High levels of infant negative emotionality (NE) are associated with emotional and behavioral problems later in childhood. Identifying neural markers of high NE as well as low positive emotionality (PE) in infancy can provide neural markers to aid early identification of vulnerability, and inform interventions to help delay or even prevent psychiatric disorders before the manifestation of symptoms. Prefrontal cortical (PFC) subregions support the regulation of NE and PE, with each PFC subregion differentially specializing in distinct emotional regulation processes. Gray matter (GM) volume measures show good test-retest reliability, and thus have potential use as neural markers of NE and PE. Yet, while studies showed PFC GM structural abnormalities in adolescents and young adults with affective disorders, few studies examined how PFC subregional GM measures are associated with NE and PE in infancy.
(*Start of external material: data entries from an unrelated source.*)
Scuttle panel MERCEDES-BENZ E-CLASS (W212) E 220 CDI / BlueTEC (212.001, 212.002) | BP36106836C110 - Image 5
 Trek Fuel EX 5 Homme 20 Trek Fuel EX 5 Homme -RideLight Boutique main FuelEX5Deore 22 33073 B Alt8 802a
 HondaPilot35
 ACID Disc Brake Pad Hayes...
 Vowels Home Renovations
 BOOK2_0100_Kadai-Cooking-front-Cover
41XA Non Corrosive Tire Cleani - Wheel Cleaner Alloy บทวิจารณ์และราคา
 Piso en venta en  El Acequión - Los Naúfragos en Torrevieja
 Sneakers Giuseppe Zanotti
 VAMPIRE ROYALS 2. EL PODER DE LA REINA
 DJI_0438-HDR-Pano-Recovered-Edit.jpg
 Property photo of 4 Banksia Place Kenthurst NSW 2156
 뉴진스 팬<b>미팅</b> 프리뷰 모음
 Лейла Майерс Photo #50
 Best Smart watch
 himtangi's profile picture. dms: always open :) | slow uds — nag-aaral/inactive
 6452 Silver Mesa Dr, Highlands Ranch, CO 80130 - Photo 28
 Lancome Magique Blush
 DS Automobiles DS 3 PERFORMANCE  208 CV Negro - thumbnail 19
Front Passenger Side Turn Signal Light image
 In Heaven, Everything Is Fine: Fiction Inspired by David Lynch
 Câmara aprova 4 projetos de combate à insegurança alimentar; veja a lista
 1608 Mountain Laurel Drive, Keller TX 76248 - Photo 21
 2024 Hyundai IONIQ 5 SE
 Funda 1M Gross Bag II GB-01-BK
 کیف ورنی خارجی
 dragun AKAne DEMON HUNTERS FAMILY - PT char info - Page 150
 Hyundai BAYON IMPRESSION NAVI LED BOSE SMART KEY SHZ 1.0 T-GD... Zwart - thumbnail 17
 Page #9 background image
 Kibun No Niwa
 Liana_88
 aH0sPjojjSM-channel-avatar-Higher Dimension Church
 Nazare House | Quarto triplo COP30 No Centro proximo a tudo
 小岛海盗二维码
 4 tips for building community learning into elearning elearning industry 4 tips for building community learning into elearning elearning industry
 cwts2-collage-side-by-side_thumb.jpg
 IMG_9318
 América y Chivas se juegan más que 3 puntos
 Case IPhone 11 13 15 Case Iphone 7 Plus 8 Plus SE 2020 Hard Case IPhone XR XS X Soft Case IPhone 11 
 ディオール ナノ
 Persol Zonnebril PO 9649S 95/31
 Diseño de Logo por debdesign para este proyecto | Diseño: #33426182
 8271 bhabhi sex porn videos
We aimed to identify relationships among GM in prefrontal cortical subregions at 3 months and caregiver report of infant NE and PE, covarying for infant age and gender and caregiver sociodemographic and clinical variables, in two independent samples at 3 months (Primary: n = 75; Replication sample: n = 40) and at 9 months (Primary: n = 44; Replication sample: n = 40). In the primary sample, greater 3-month medial superior frontal cortical volume was associated with higher infant 3-month NE (p < 0.05); greater 3-month ventrolateral prefrontal cortical volume predicted lower infant 9-month PE (p < 0.05), even after controlling for 3-month NE and PE. GM volume in other PFC subregions also predicted infant 3- and 9-month NE and PE, together with infant demographic factors, caregiver age, and/or caregiver affective instability and anxiety. These findings were replicated in the independent sample. To our knowledge, this is the first study to determine in primary and replication samples associations among infant PFC GM volumes and concurrent and prospective NE and PE, and identify promising, early markers of future psychopathology risk.